In 2016, then-state lawmaker Debbie Lesko, now a congresswoman, sponsored Senate Bill 1350, which former Gov. Doug Ducey signed into law. That law said, “a city or town may not prohibit vacation rentals or short-term rentals, restrict the use of vacation rentals or short-term rentals or regulate vacation rentals or short-term rentals based solely on their classification, use or occupancy.” It has been the biggest protection for STRs in Arizona.
In 2020, three mayors asked the heads of Airbnb and Expedia – which owns Vrbo – to stop lobbying against reform to Senate Bill 1350 from 2016. Also, that year former Rep. Kate Brophy McGee ran legislation to put guardrails on STRs as Senate Bill 1554, but that bill died.
Brenda Barton – a former lawmaker who also represented Sedona – ran a bill two sessions ago to regulate STRs, which Bliss said is still one of her constituents’ priorities, so she ran the bill.

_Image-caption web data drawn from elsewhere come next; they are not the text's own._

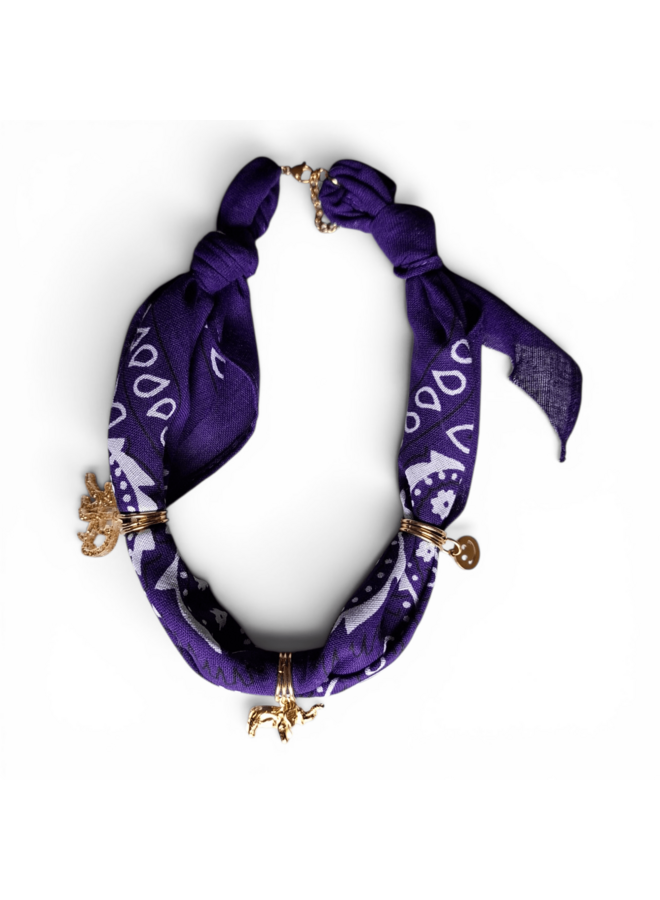 Bandana ketting met bedel - Donkerpaars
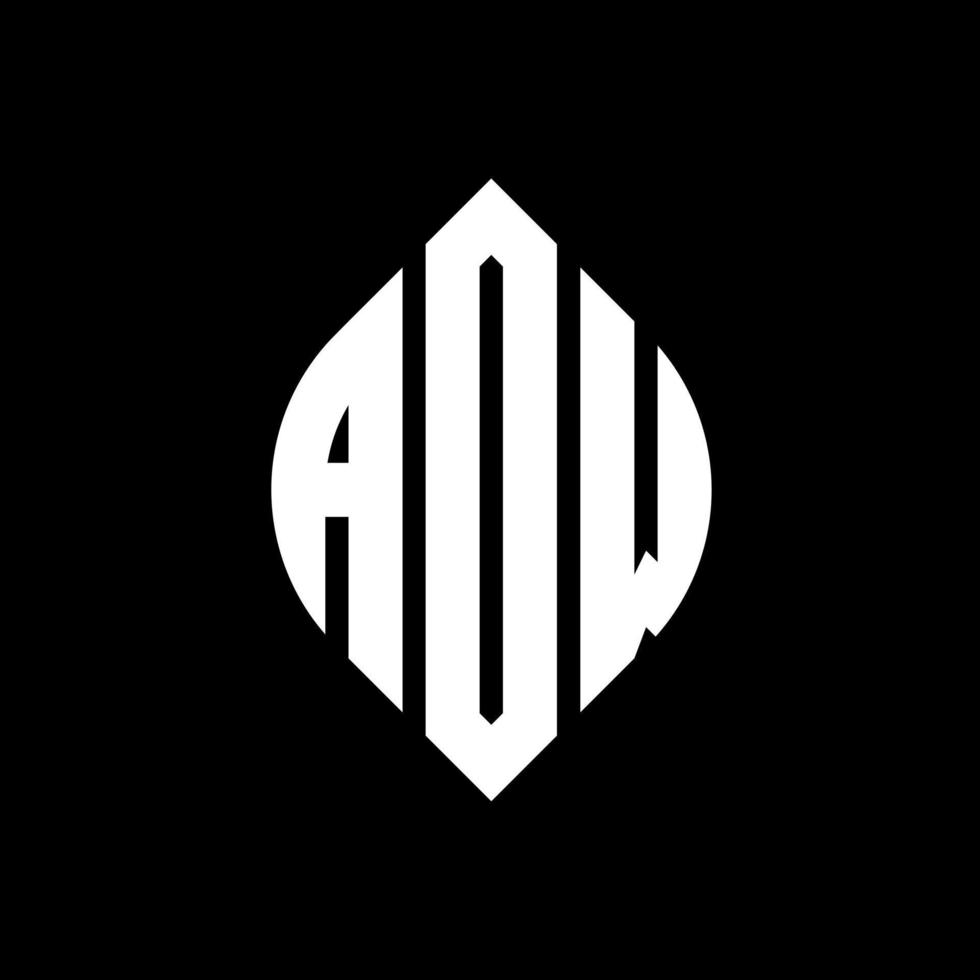 Aow-Kreis-Buchstaben-Logo-Design mit Kreis- und Ellipsenform. Aow Ellipsenbuchstaben mit typografischem Stil. Die drei Initialen bilden ein Kreislogo. aow Kreisemblem abstrakter Monogramm-Buchstabenmarkierungsvektor. vektor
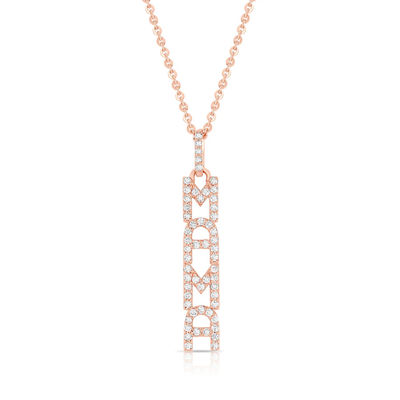 Элегантное 925 серебряное 14K золотое MAMA плавающее длинное подвесное ожерелье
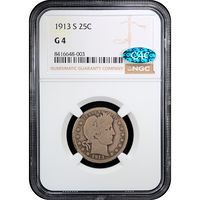 1913-S Barber Quarter (25c) Obverse Slab Image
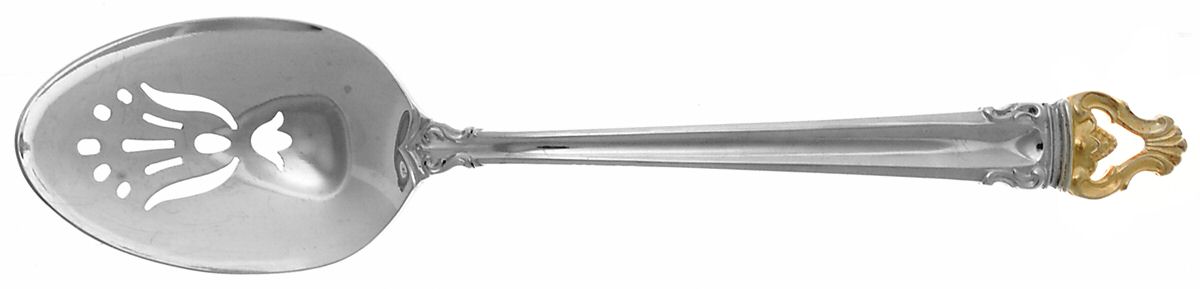 Golden Crown (Silverplate, Gold Accent, 1969) Pierced Tablespoon (Serving Spoon) by Reed & Barton-1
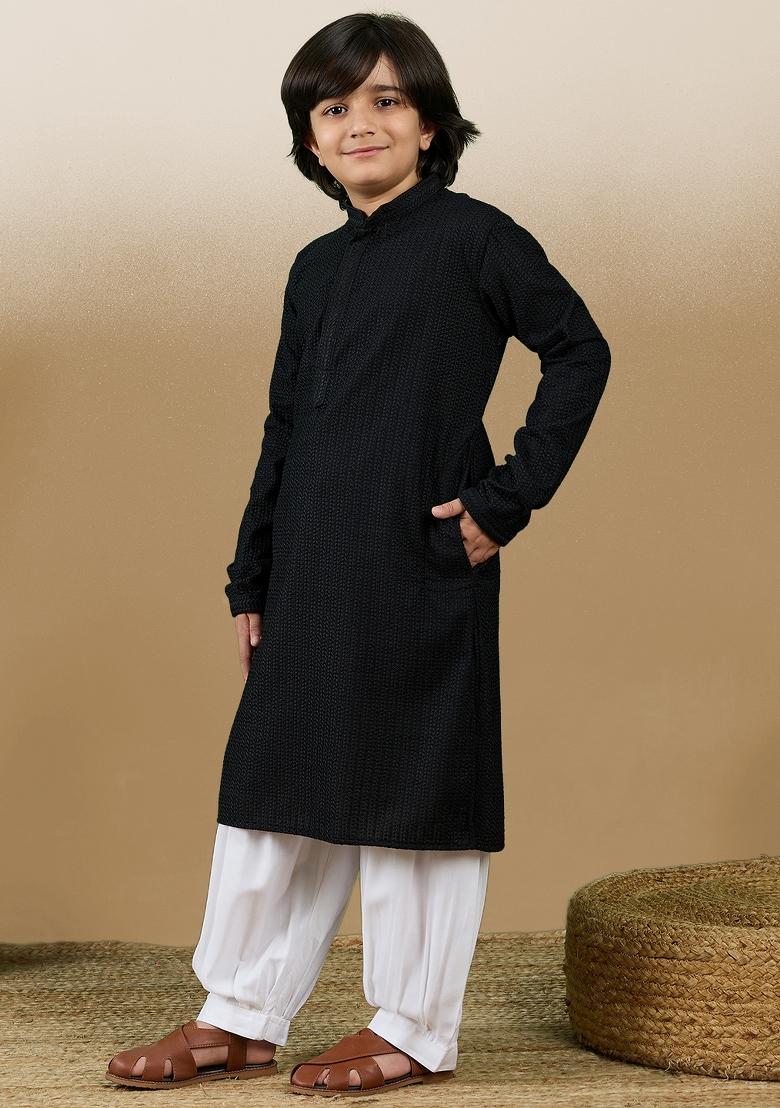 Black Chikan Embroided Cotton Kurta Set For Boy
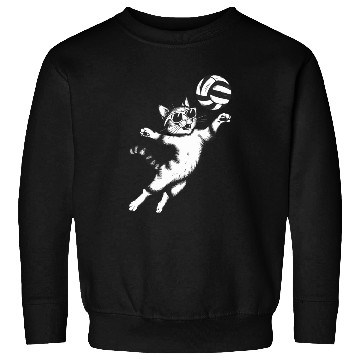 Discover Cat Wearing Sunglasses Playing Volleyball Sweatshirts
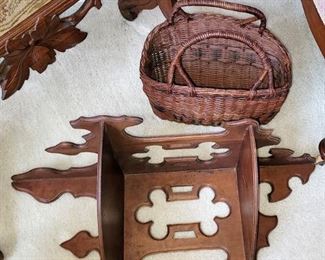 Antique carved wood corner shelf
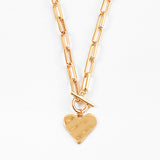 Hammered Heart Toggle Necklace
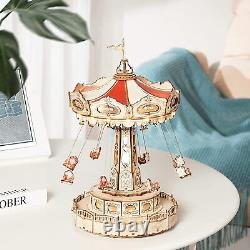 ROKR Parachute Tower Swing Ride The Tea Cup Music Box 3D Wooden Puzzle Xmas Gift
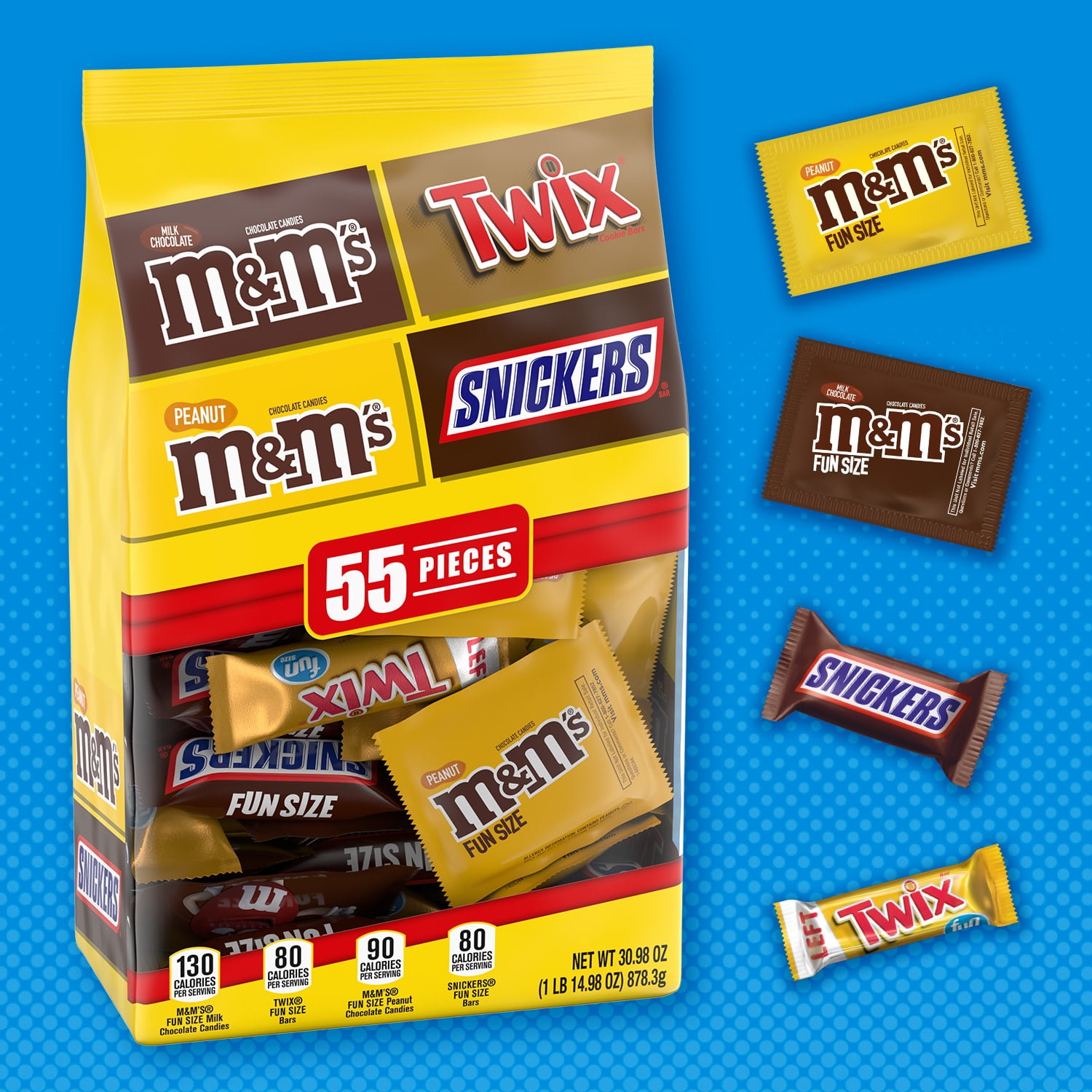 Mars Mixed M&M's, Snickers & Twix Milk Chocolate Candy Bars Variety Pack - 55 Ct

“These are rentals now that were homes originally, hotels are sitting half occupied. This is all about affordable housing,” she said.
When people operating STRs go to sell their home, Contorelli said they’re often worth much more because in some cities the designation of “short-term rental” stays with the property and not the owner.
He argues that the idea of regulating STRs leading to more affordable housing is false. “They speak to the inventory issue and the need for middle housing and housing supply. When you look at the median home price of houses that are used for short-term rentals, they’re above what we would consider affordable or missing middle it doesn’t solve any of the problems.”
Fernandez assisted with the original bill from Barton and said that he’ll support Bliss next session.
“There are always Republicans who are supportive of it, really the devil is in the details,” he said. According to Fernandez, Senate President Warren Petersen, R-Gilbert, does not support the legislation. “Brenda Barton was only one vote away from getting the majority of the majority in the House and we had all the Democrats. … Obviously, the people have changed in that chamber so we’re hopeful that they’ll be able to change it,” Fernandez said.
Last session, Bliss’ bill was scheduled to be heard in the Senate Government Committee, but Bliss said when she realized it wasn’t ready, she asked for it to be pulled from the agenda.
Bliss said she is reconfiguring the bill so it can get more support because it was harder to get, though than she anticipated and she’s having discussions with stakeholders and leadership.